## INSTRUCTIONS FOR THE TASK
Below are the entries. Print only the lines starting at the one with "Rear view of" and ending at the one with "A woman looking", exactly, with no pictures.

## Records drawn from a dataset
»»

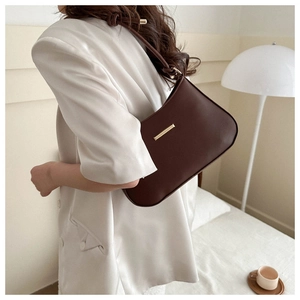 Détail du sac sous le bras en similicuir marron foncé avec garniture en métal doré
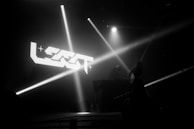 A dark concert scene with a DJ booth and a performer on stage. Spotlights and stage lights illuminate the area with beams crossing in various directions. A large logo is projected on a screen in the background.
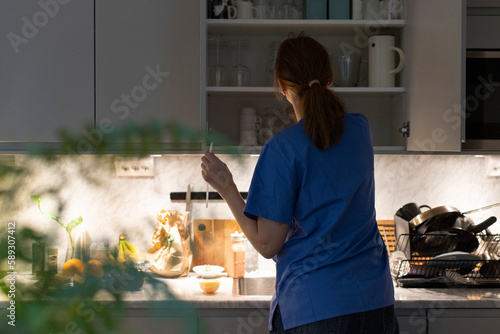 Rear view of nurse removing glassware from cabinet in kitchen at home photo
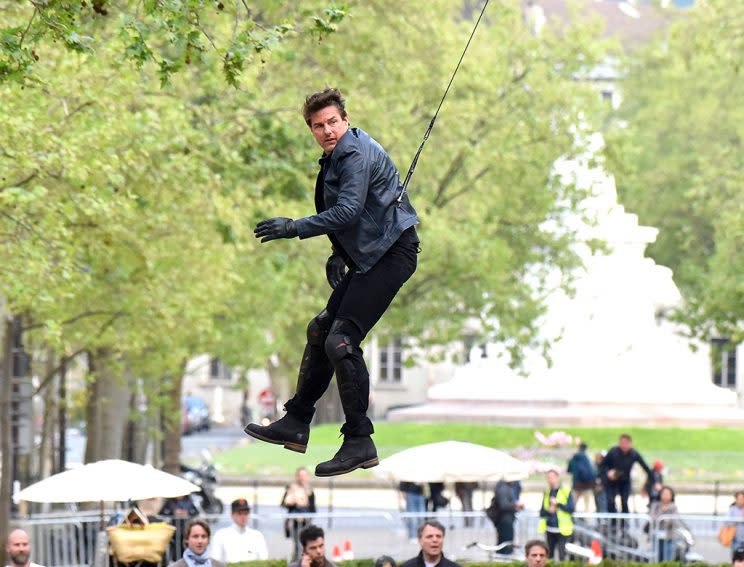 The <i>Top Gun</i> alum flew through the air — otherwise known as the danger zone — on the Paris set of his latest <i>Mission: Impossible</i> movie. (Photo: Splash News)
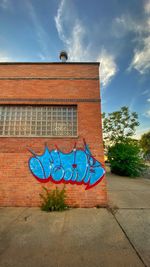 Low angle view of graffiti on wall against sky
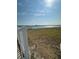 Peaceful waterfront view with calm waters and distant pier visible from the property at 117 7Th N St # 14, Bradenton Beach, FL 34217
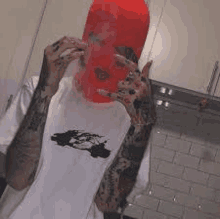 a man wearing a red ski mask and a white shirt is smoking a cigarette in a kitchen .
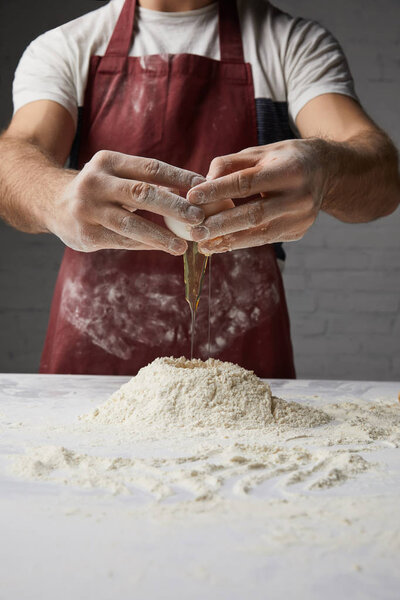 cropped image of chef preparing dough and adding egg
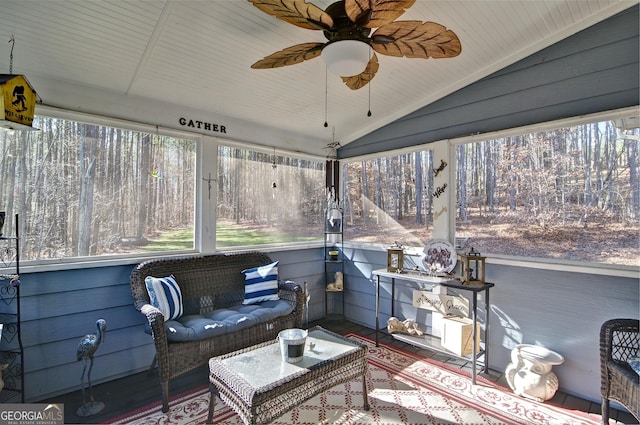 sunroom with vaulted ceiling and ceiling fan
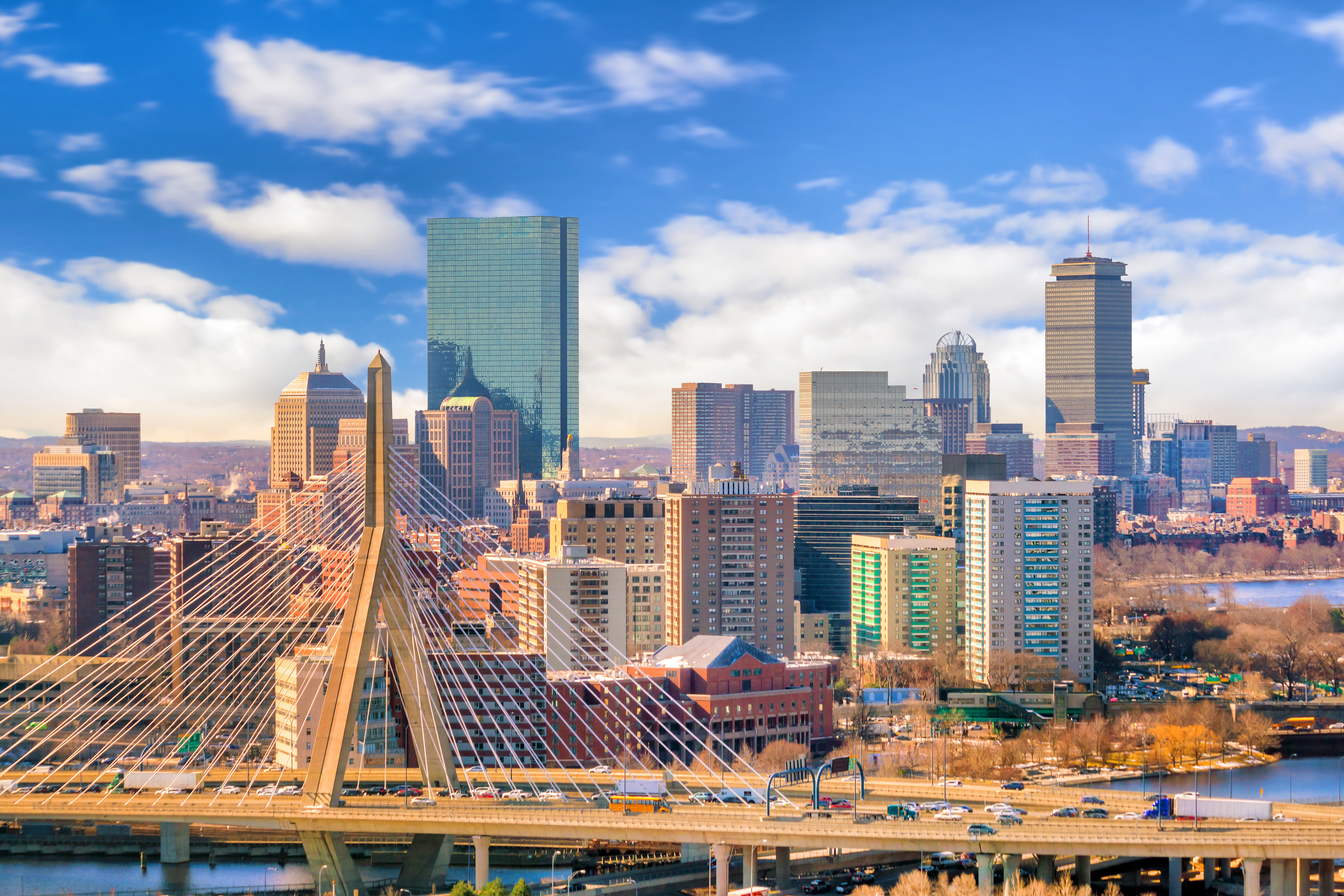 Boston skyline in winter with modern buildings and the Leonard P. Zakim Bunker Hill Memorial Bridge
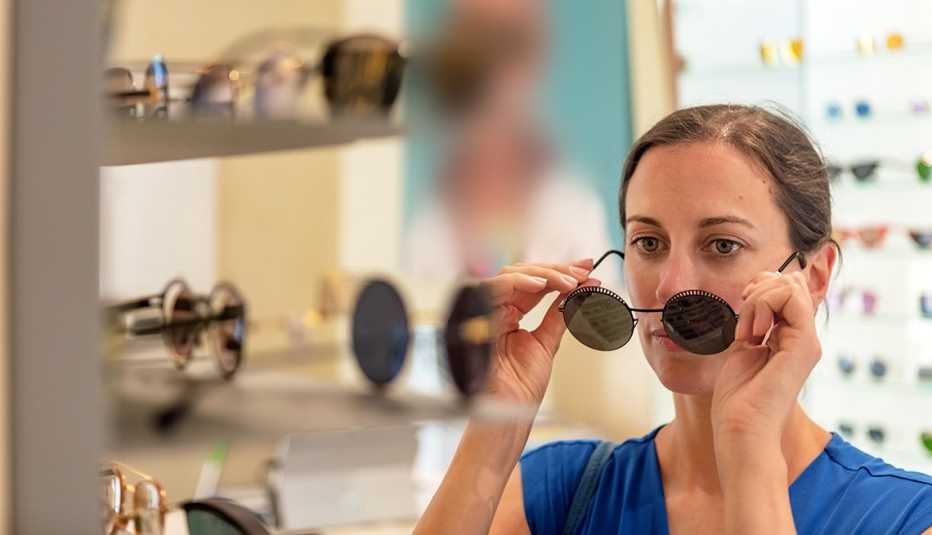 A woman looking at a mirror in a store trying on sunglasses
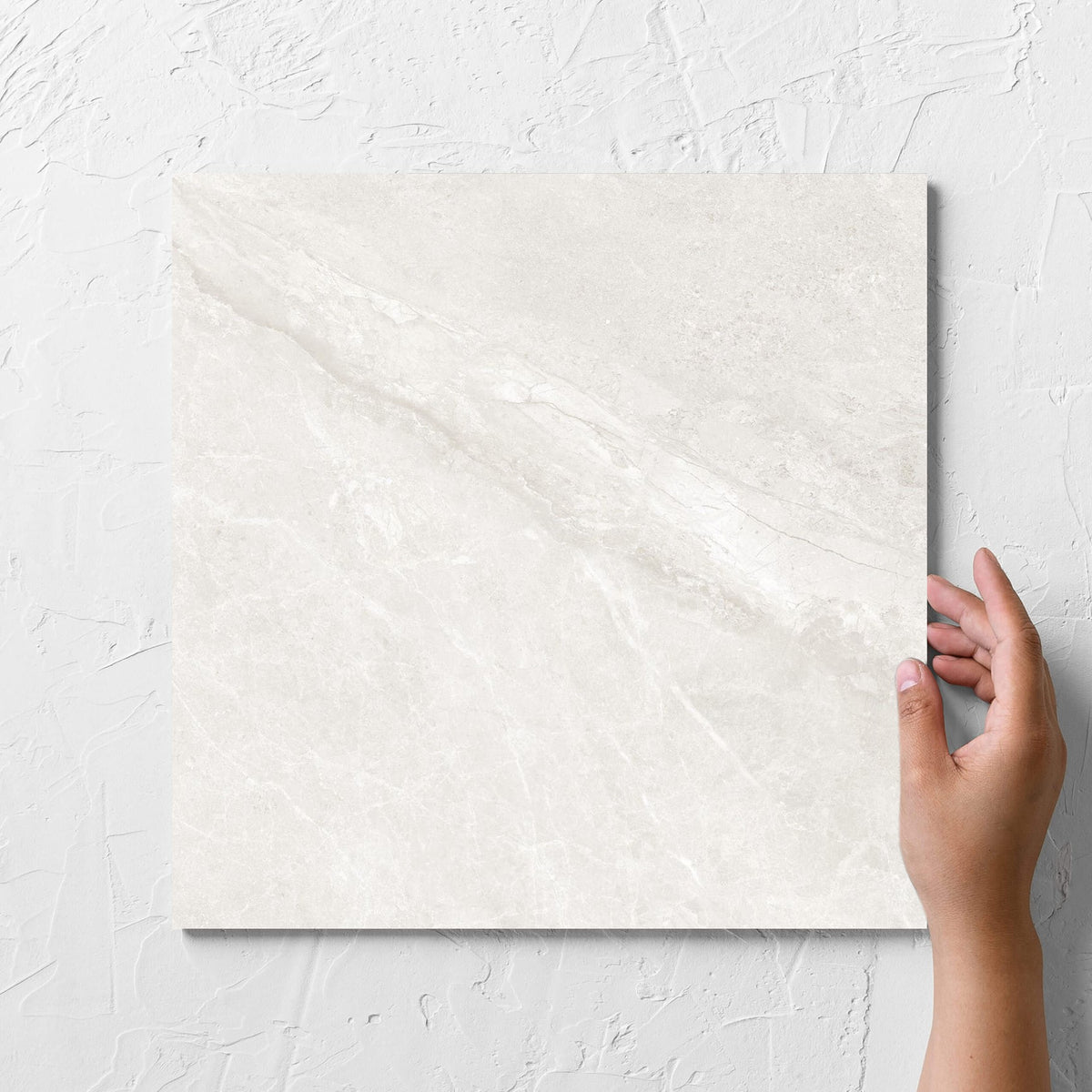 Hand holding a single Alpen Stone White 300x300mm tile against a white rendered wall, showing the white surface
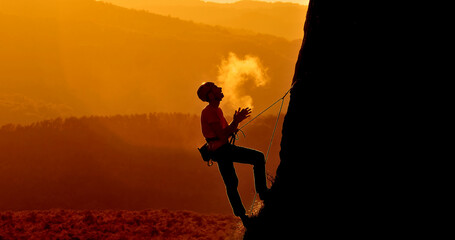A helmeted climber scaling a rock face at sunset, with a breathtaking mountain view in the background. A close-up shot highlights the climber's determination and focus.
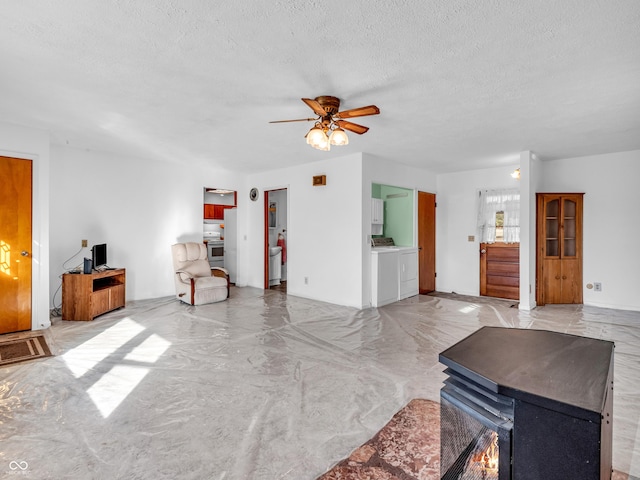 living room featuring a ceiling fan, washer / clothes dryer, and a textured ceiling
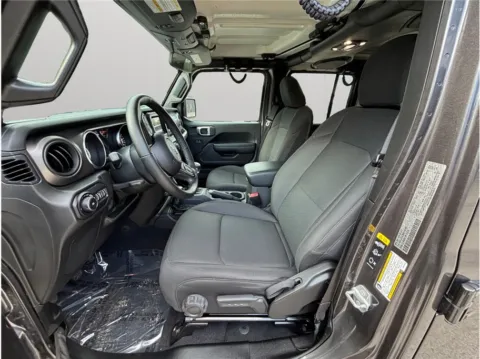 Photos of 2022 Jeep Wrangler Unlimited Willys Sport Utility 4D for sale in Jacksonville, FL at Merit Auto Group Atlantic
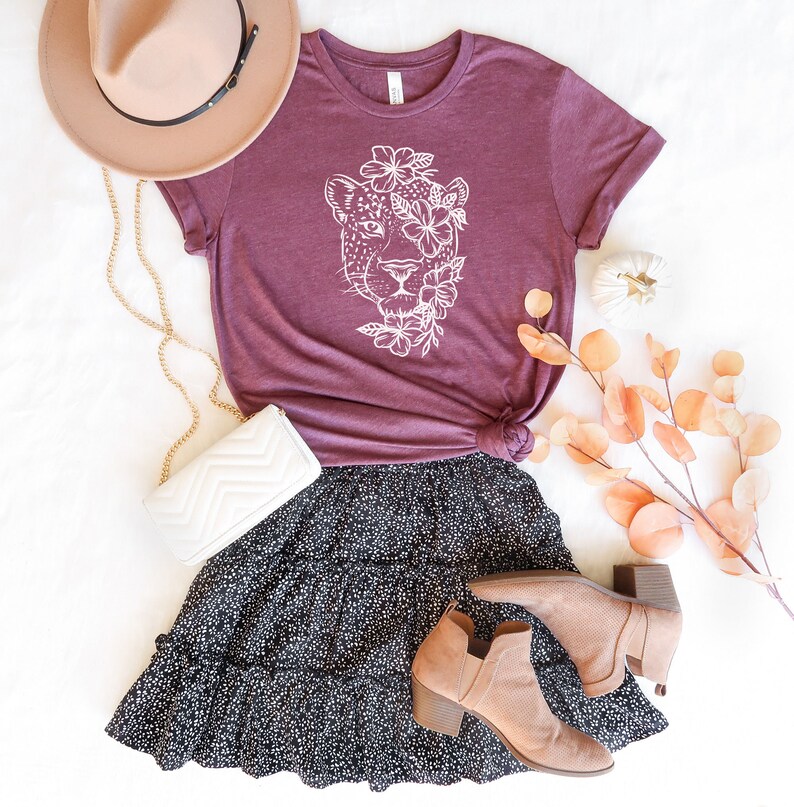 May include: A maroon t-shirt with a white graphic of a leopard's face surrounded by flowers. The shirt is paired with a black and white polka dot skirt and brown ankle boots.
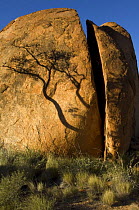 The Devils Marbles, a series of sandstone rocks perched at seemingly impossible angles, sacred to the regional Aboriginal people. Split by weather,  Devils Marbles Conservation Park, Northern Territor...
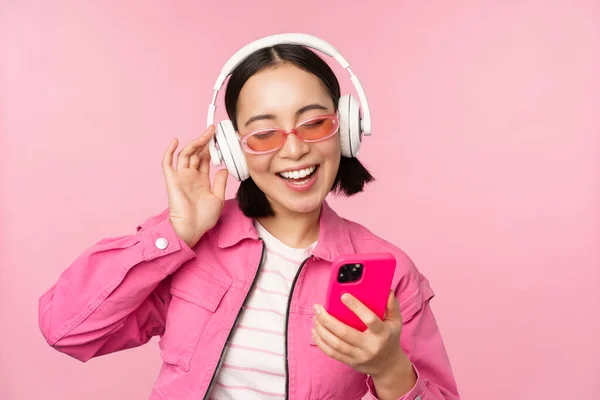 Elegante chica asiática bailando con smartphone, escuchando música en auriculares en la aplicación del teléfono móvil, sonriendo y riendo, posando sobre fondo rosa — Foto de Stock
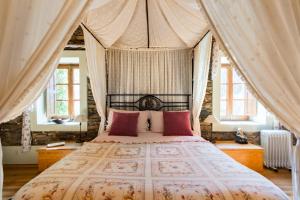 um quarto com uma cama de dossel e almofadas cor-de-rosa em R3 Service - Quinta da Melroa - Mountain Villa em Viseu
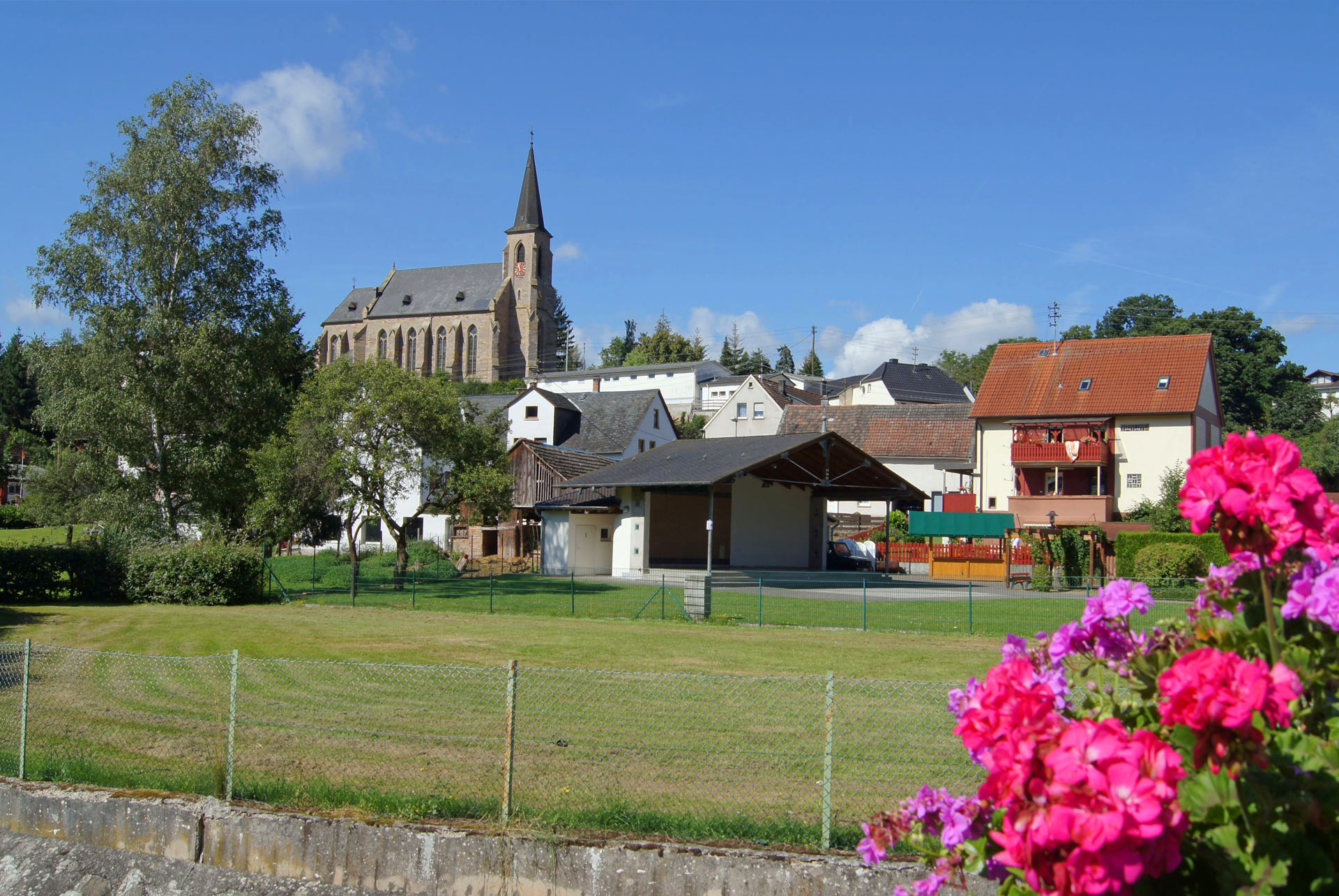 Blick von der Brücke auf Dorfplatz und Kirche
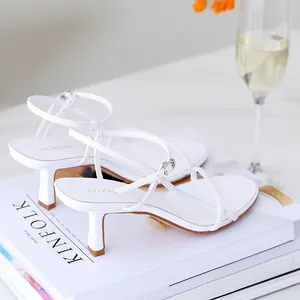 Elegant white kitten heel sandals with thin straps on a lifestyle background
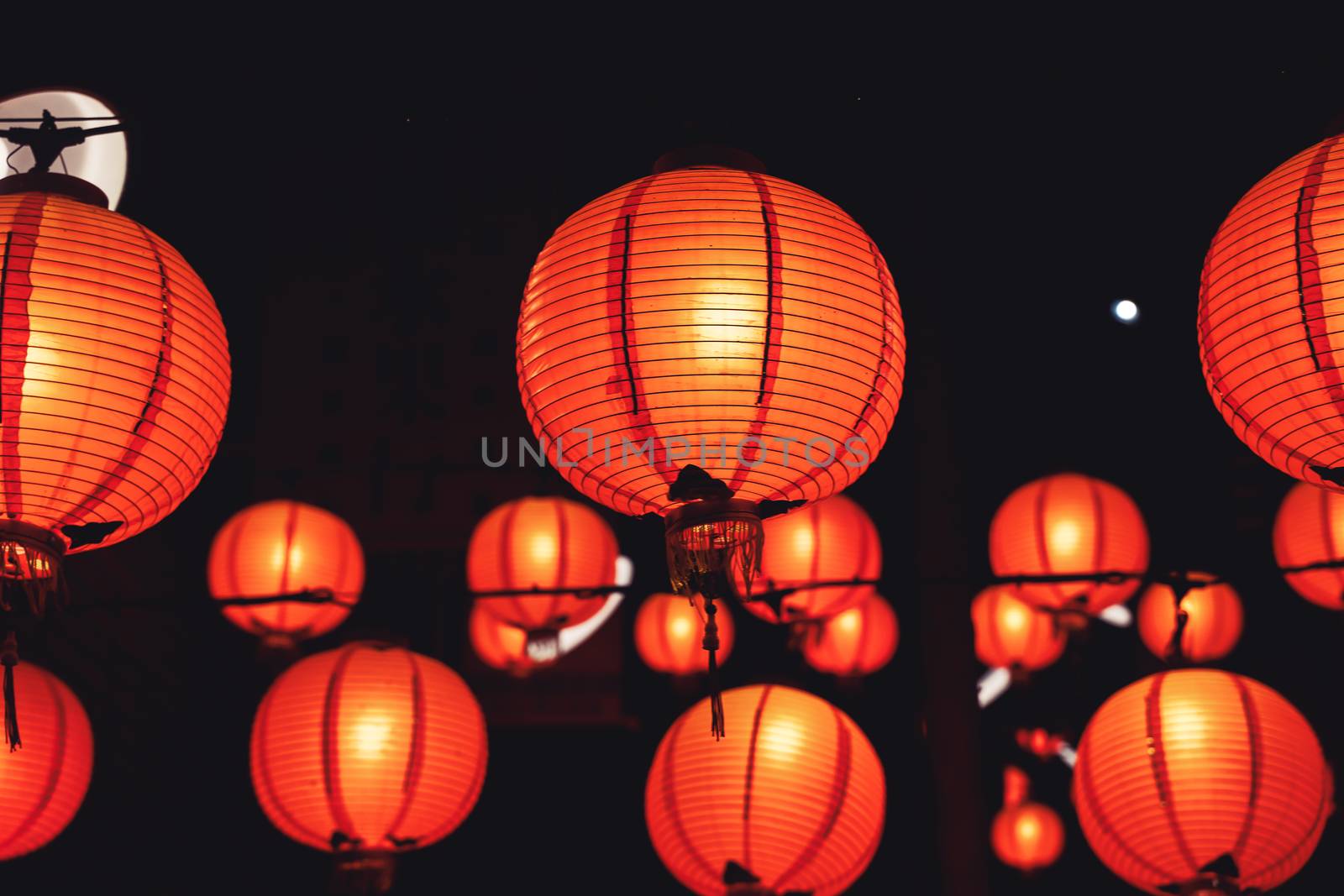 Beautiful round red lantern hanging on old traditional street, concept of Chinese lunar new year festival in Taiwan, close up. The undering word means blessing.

««

## COMPLETED EXERCISE
 Rear view of nurse removing glassware from cabinet in kitchen at home photo
 The <i>Top Gun</i> alum flew through the air — otherwise known as the danger zone — on the Paris set of his latest <i>Mission: Impossible</i> movie. (Photo: Splash News)
 Low angle view of graffiti on wall against sky
 Peaceful waterfront view with calm waters and distant pier visible from the property at 117 7Th N St # 14, Bradenton Beach, FL 34217
 a man wearing a red ski mask and a white shirt is smoking a cigarette in a kitchen .
 cropped image of chef preparing dough and adding egg
 sunroom with vaulted ceiling and ceiling fan
 Boston skyline in winter with modern buildings and the Leonard P. Zakim Bunker Hill Memorial Bridge
 A woman looking at a mirror in a store trying on sunglasses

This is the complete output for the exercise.